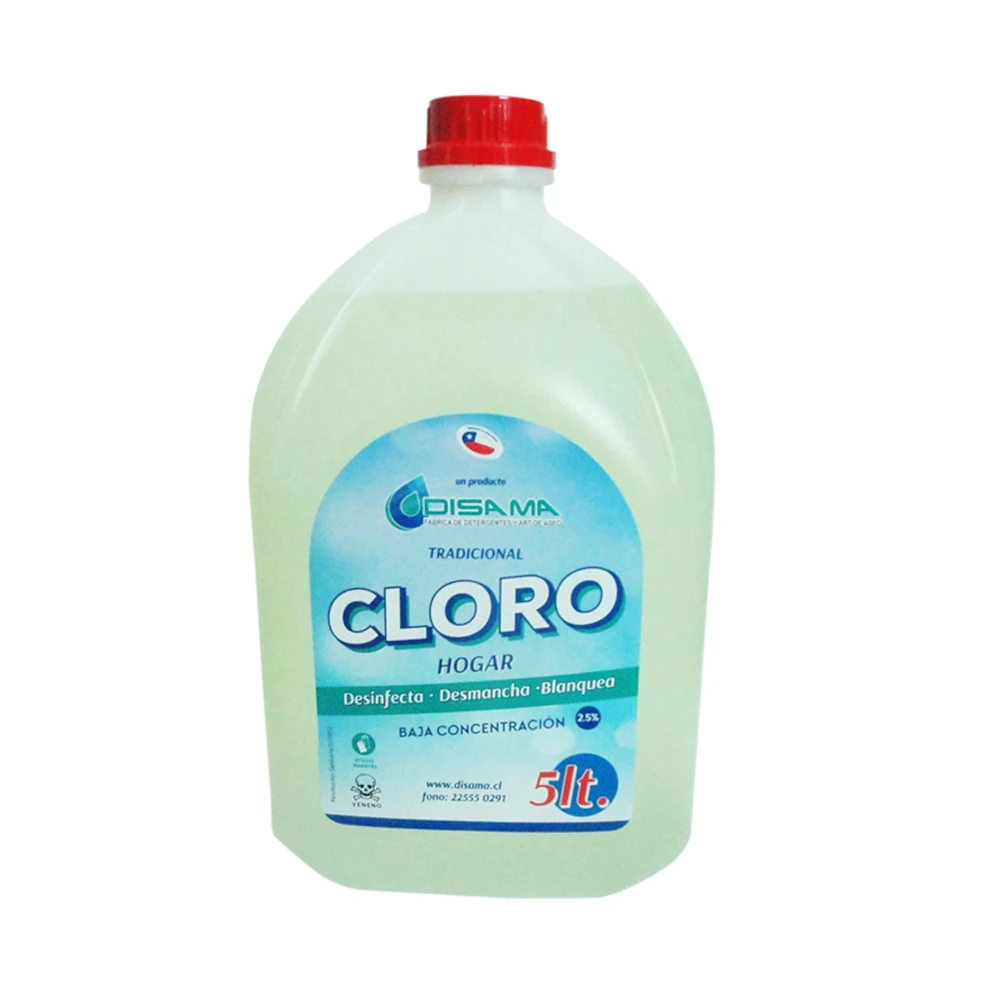 Cloro Líquido Tradicional 2,5% 5 lt, Disama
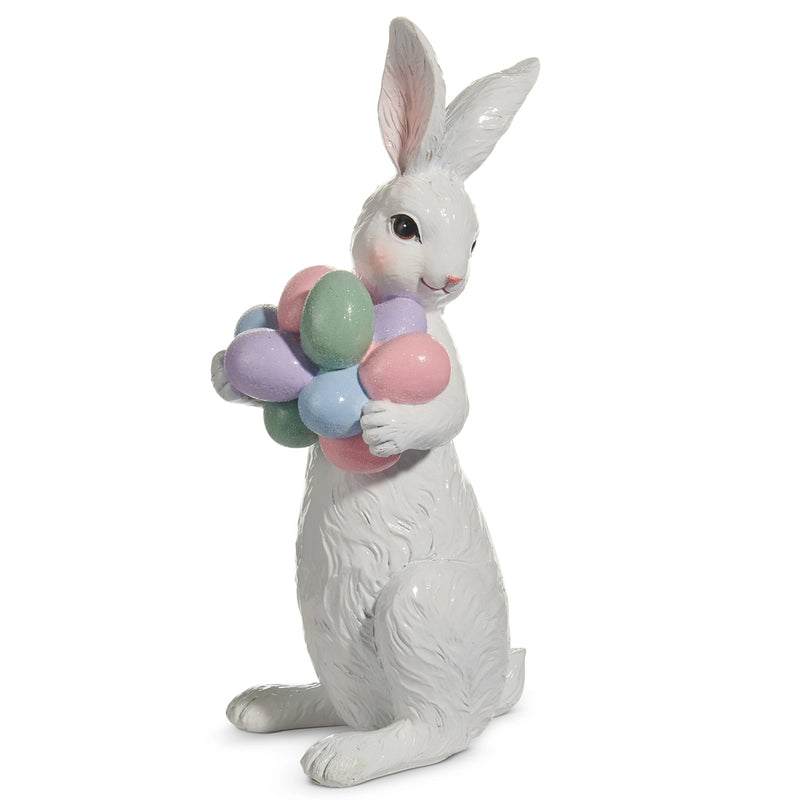 11" Bunny With Pastel Eggs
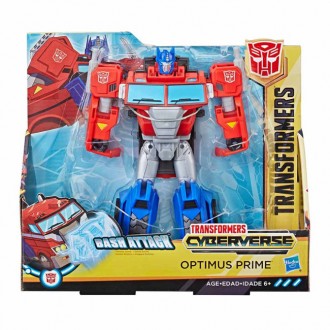 Робот-трансформер Hasbro Оптимус Прайм Кибервселенная, 19 см - Cyberverse, Ultra. Киев. фото 1 Робот-трансформер Hasbro Оптимус Прайм Кибервселенная, 19 см - Cyberverse, Ultra. Киев. фото 1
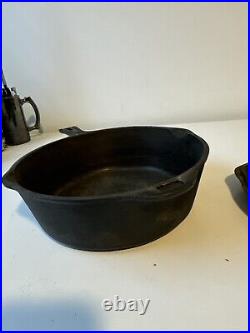 Vintage Lodge Cast Iron 4 In 1 Combo Foursome Cooker Double Skillet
#####
Task details
What you return should be the exact lines from the one containing "With Pastel Eggs" through the end of the listing above, both included, minus any pictures.

Answer for the task
 11" Bunny With Pastel Eggs
 Робот-трансформер Hasbro Оптимус Прайм Кибервселенная, 19 см - Cyberverse, Ultra. Киев. фото 1 Робот-трансформер Hasbro Оптимус Прайм Кибервселенная, 19 см - Cyberverse, Ultra. Киев. фото 1
 Vintage Lodge Cast Iron 4 In 1 Combo Foursome Cooker Double Skillet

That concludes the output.